テンションの低い私とは打って変わって、先輩はニコニコと笑顔を浮かべていた。

そんなに私と飲みに行くのが楽しいのだろうか?
……その笑みの意味がよく分からない。

「ん?どうした?なんか元気ないけど」

「え?あ、別に何も……」

「そうか。ならいいけど」

そう会話を交わした後、私は先輩と並んで歩いた。


今日は珍しくいつもの居酒屋ではなく、少しお洒落なイタリアンのお店。
ワインが美味しいと評判のお店らしい。

店内は金曜日の夜なだけあって、多くの人で賑わっていた。


店員に案内され、ふたり用の小さなテーブルに向かい合わせで座る。
狭いだけあって、テーブルの下では先輩の足に自分の足が触れていた。

それにドキドキしてしまう私。

その胸の高鳴りは勘違いだって、分かっているのに。


「そうだ、酔う前にこれ」

お酒を頼み待つあいだ、先輩はそう言ってテーブルに紙を置いて、私の前に差し出す。

よく見るとそれは演奏会のチケット。
日時は再来週の日曜日になっている。

「定期演奏会?」

「そう。

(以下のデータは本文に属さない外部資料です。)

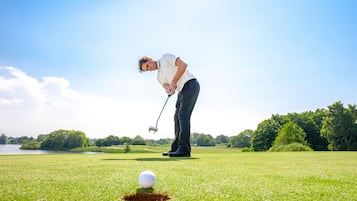 Eine Person auf einem Golfplatz, bereit, einen Ball zu schlagen.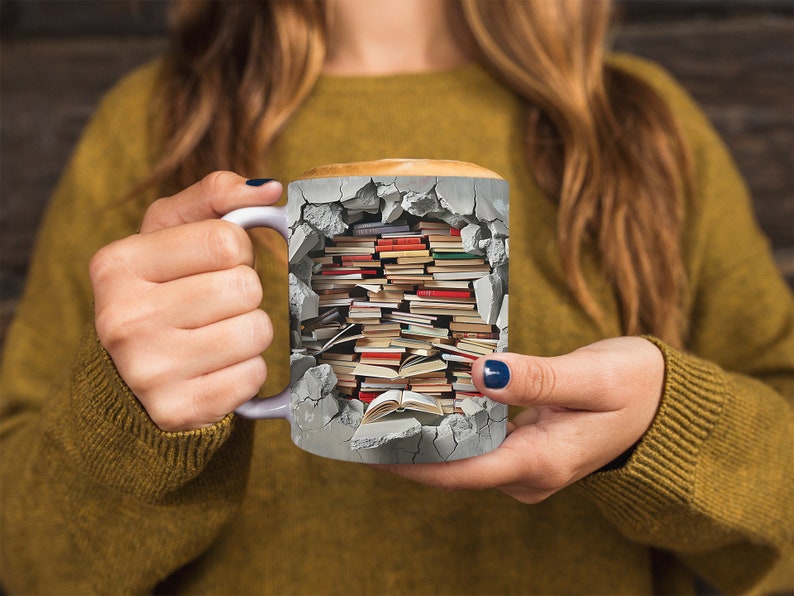 K&ouml;nnte beinhalten: Eine wei&szlig;e Keramiktasse mit einem Design aus einer zerbrochenen Backsteinmauer mit einem Stapel B&uuml;cher darin. Die Tasse wird von den H&auml;nden einer Person gehalten.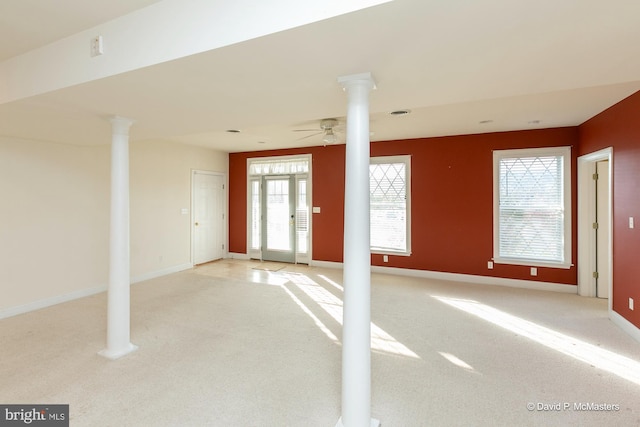 carpeted empty room featuring ornate columns and ceiling fan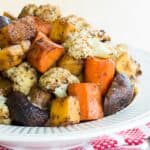 A bowl of balsamic roasted vegetables on red and white cloth napkins.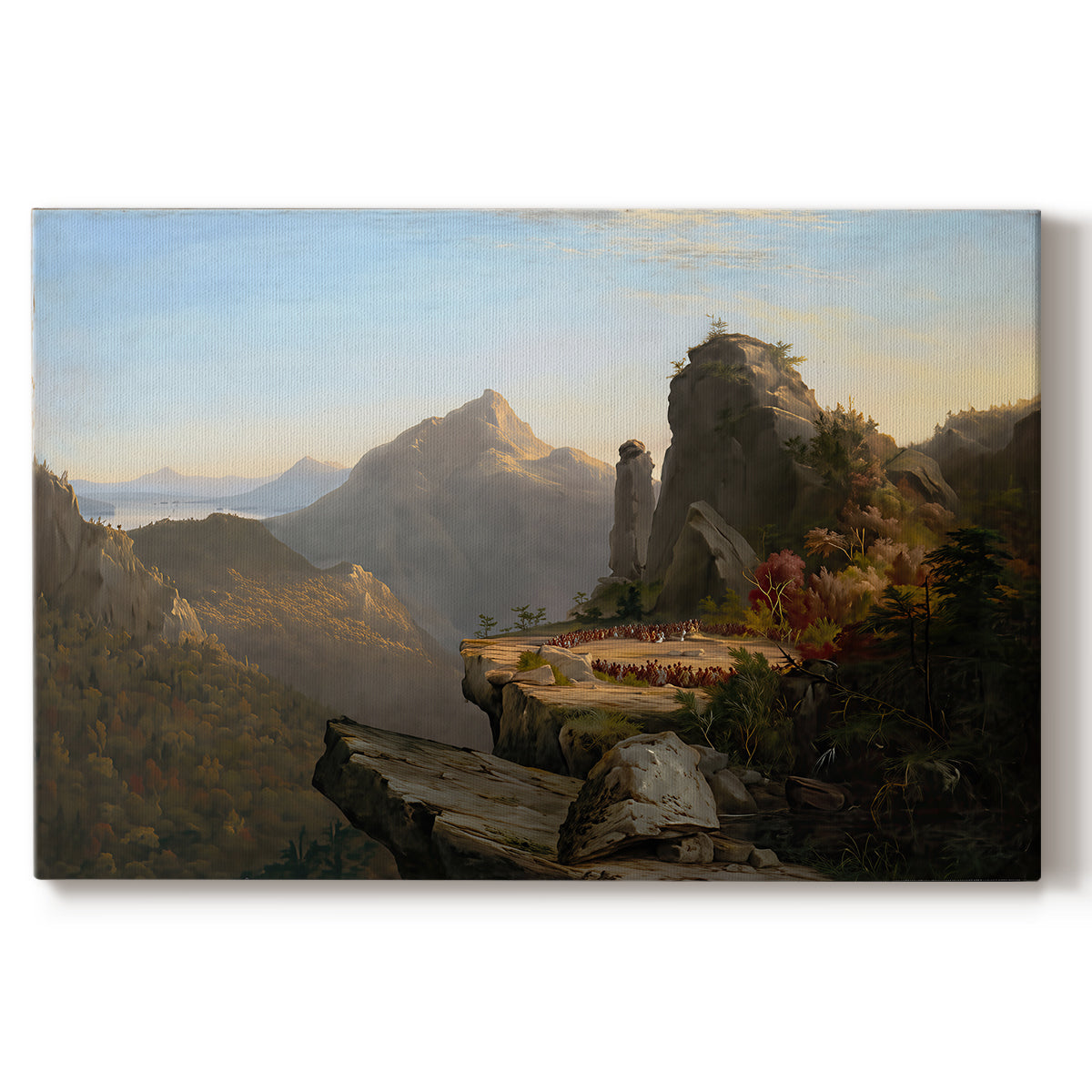 Canvas art print portraying a rugged mountain landscape with small figures near water and rocky cliffs, set against a white background
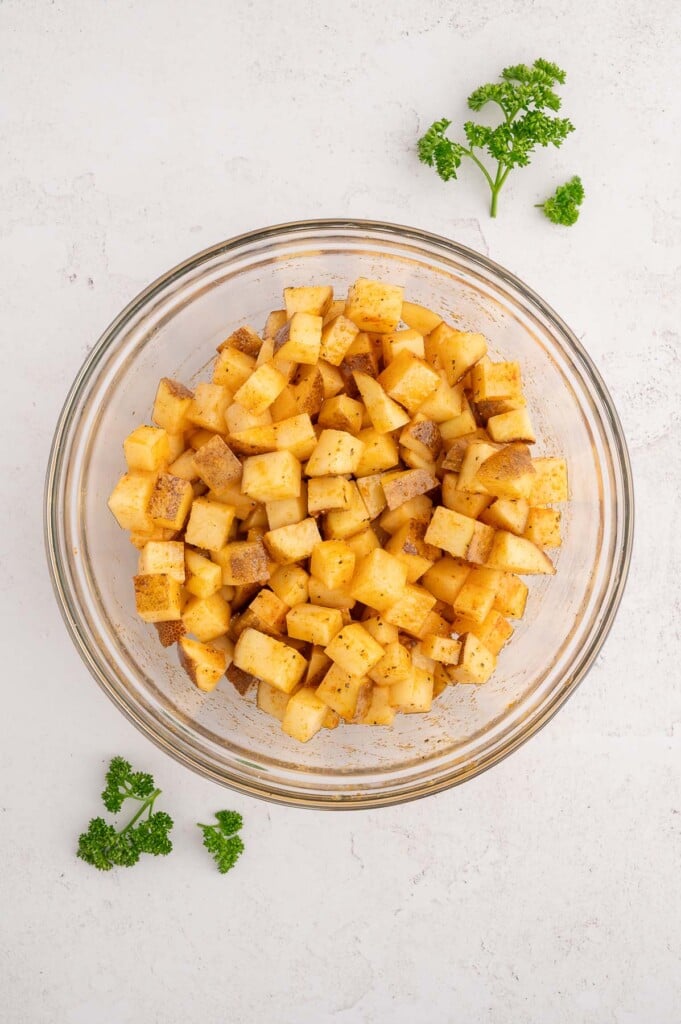 Raw chopped russet potatoes in a clear bowl tosses with olive oil and spices. 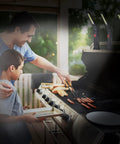 Father and son grilling with Eight Piece LED Work Light Set With Magnetic Base And Hanging Hook on outdoor kitchen counter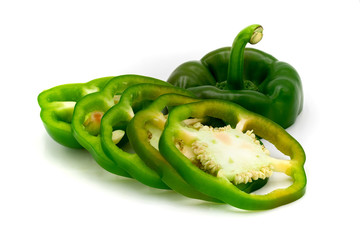 Green bell pepper slices isolated on white background.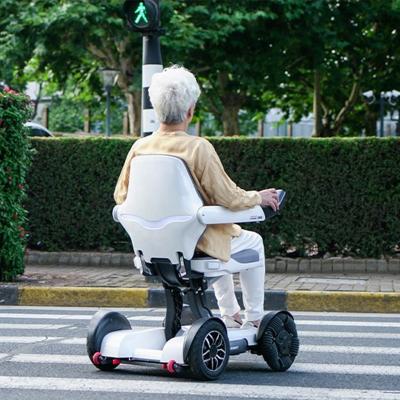 China Titanium-aluminum alloy lightweight electric adult older mobility scooter for elders and disabled adult automatic folding portable mobility scooter for sale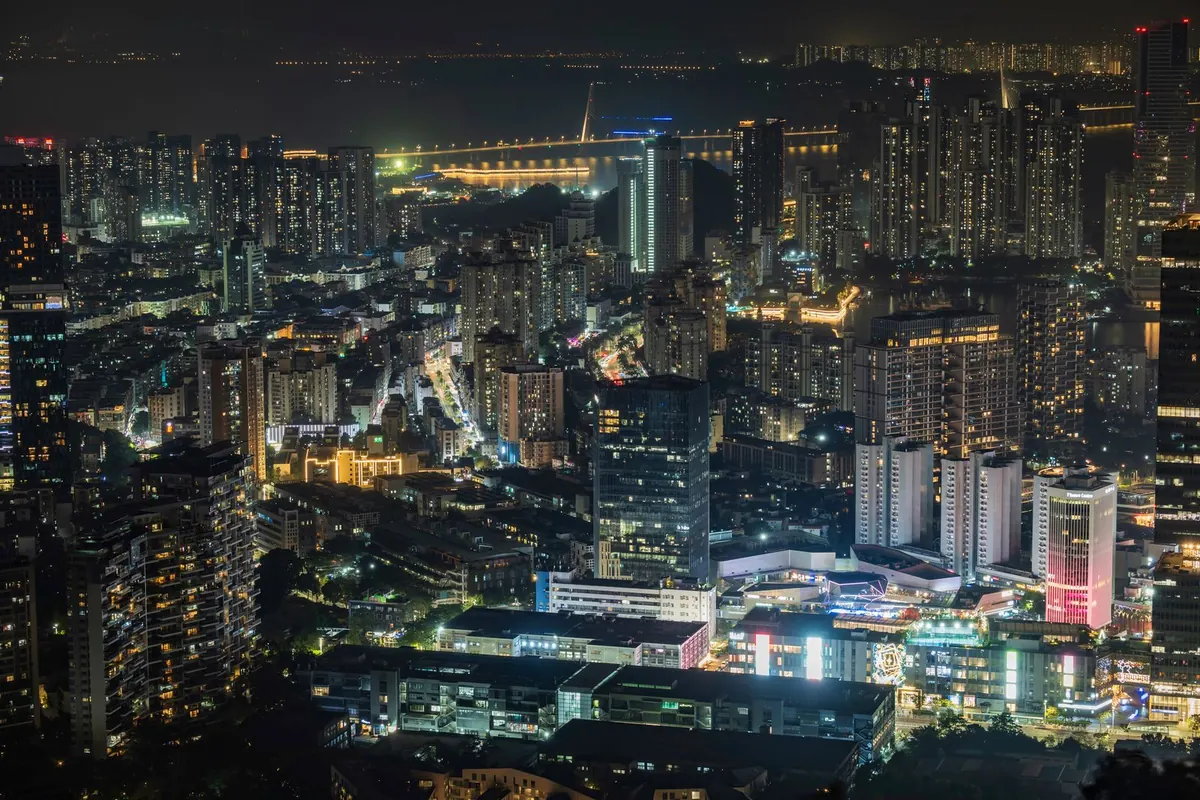 Stock aerial photograph of a Chinese city at night, towers and lit highways. Not Longgang.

俺が所属している団の演奏会。俺出るから、もし良かったら聴きに来て欲しいなと思って」


演奏会か……。

そう言えば、いつからホールで聴いてないだろう。

聴衆にも伝わる、ホール独特の緊張感。
それが手に取るように蘇った。

そして、先輩の吹く姿。先輩から奏でられるあの音。
それがまた聴ける。


そう思ったらなんだか嬉しくて、顔が緩んだ。

「……ありがとうございます。絶対聴きに行きます」


先輩はその言葉をきくなり、満面の笑みで私を見つめた。